China Unfairly Limits Export Of Raw Materials
The World Trade Organization ruled Monday that China unfairly limited exports of nine raw materials to protect domestic manufacturers.
A WTO appeals body rejected China’s appeal of an earlier ruling in July that concluded the Asian economic powerhouse had violated international trade rules. The appeals body largely sided with the United States, European and Mexico, which had taken issue with Chinese restrictions on its exports of nine materials used widely in the steel, aluminum and chemical industries.
They had complained that China drives up prices on overseas shipments of the materials by setting export duties, quotas and licensing requirements on them, giving the country’s manufacturers an unfair edge over competitors. But China had argued that its export limits were needed to protect the environment.
The ruling affects China’s exports of certain forms of bauxite, coke, fluorspar, magnesium, manganese, silicon carbide, silicon metal, yellow phosphorous and zinc. In it, the WTO appeals body says China must now “bring its export duty and export quota measures into conformity with its WTO obligations.”
The issue has sparked tension with some of China’s major trading partners. In a statement, U.S. Trade Representative Ron Kirk called the ruling “a tremendous victory for the United States – particularly its manufacturers and workers.”
He called it a decision that “ensures that core manufacturing industries in this country can get the materials they need to produce and compete on a level playing field.”
The European Commission said in a statement that while the case requires China to comply, the EU “continues to be deeply troubled by China’s use of export restrictions” for other rare earth and industrial raw materials.

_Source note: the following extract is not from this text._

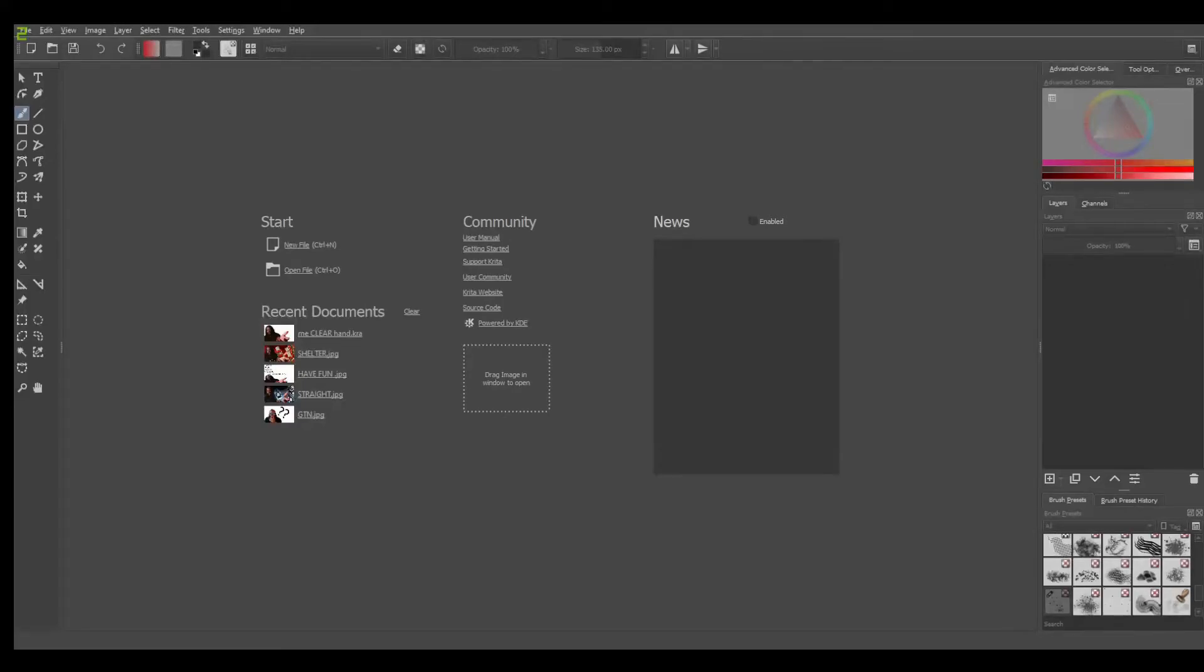All right guys, so let's make a thumbnail. The program that I'm using is Krita. This is my project manager. I'll come to this particular file here.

China’s WTO mission in Geneva said it “deeply regrets” that the appeals body upheld major parts of the earlier panel’s conclusions, but noted that some other aspects were reversed. It vowed to abide by the WTO findings.
But it explained that Chinese government had in recent years “reinforced its administration on certain resource products, especially the ‘high-pollution, high-energy-consuming and resource-dependent’ products” to protect the environment and conserve natural resources.